Graagkhruud did not even stop to draw a new breath. “Hold hostages. Kill ten of them for every one they kill of ours. Place towns under death-interdict: an attack on one of our bases results in the firebombing of five of their
kempangs
. They can be stopped and their will can be broken.” He turned to Yaargraukh, whose black-worm tongue had snaked out once, briefly, at the height of the strategic tirade. “Do you opine otherwise, servitor?”

“I believe that the plan may be more easily articulated than realized.”

Graagkhruud fluted the phlegm in his nostrils. “It is well you are Advocate. As a Tactical Leader, you would have only led your troops to death.”

“He has no record of ever having done so in the past, First Fist.” First Voice had emerged from the secure suite in the center of the fuselage. “And for now, he will remain the Advocate.” The spaceplane banked again. The early morning light that came through the starboard windows angled more acutely, disappeared, then streamed in portside as yellow beams. “Pilot: report.”

The Arat Kur at the controls leveled them off. “We have just been redirected to the cargo airfield north of Tasikmalaya, First Voice.”

“We have no need to visit the mass driver, pilot.”

“With apologies, that is not the purpose of our redirection. The airspace security at Soekarno airfield is not yet deemed fully secure. We will land at North Tasikmalaya, refuel, await clearance from Jakarta.”

First Voice’s crest flattened. He looked over at Darzhee Kut. “Hu’urs Khraam assured me that your missile intercept systems would be more than adequate to counteract such attacks.”

Darzhee Kut had a momentary vision—and panic—of the immense carnivore leaning over to devour him on the spot. “I am unable to speak to the First Delegate’s assurances on this matter. Pilot, is there any word why the air defenses are unable to ensure our safe approach to Jakarta at this time?”

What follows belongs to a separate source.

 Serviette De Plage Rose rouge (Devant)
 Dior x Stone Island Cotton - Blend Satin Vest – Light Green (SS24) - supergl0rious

“Speaker Kut, the humans intermittently salvo many small rockets—some dangerous, some not—to saturate our defense arrays. Sometimes they do this for no apparent reason; sometimes they do it when they intend to make some purposeful attack. While our point defense fire systems are occupied with these many targets, the humans occasionally manage to launch a high-performance missile that cannot be engaged soon enough and which penetrates the primary defense umbrella. I am told that more air-defense batteries are being emplaced every day.”

And if Urzueth sings true, we will soon have deployed almost all that we have. Who could have known that hundreds of these units would be required for such a small theater of operations?

First Voice emitted a rippling snort: the Hkh’Rkh equivalent of a sigh. “First Fist, we have a firebase at North Tasikmalaya. What is the size of the contingent?”

“Five hundred warriors, organized as fifty troops of ten, First Voice. Twenty Arat Kur in powered armored suits provide heavy support.”

“Is this not also the site where we have human auxiliaries in support of our operations?”

Graagkhruud’s eyes vanished for a second then bulged outward. “First Voice of the First Family cannot mean me to include these
beings
in my report of our strength in that place.”

“They are assets which relieve our warriors of other duties, thereby allowing more of them to be deployed for direct engagement at any moment.”

“It is as you say, First Voice of the First Family.”

Darzhee watched First Voice’s crest furl and soften a bit. “First Fist, I am not chastising you, but I need complete information at all times.”

Graagkhruud’s nostrils seemed to tremble. “Esteemed First and son of my mother’s father, I live to serve you with honor and distinction, so I plead that you hear me. We must count on ourselves alone in this enterprise. Our Arat Kur allies seem acceptably competent in the distant button-pushing that passes for war between the stars. But they must give you more freedom and more control of the true war: the war on this planet. They trust to machines and hide in their buildings. The humans have not learned to fear us and obey. And they must, or we are doomed. We are too few, even against such weak opponents, if they cannot be cowed into a reflex of submission.”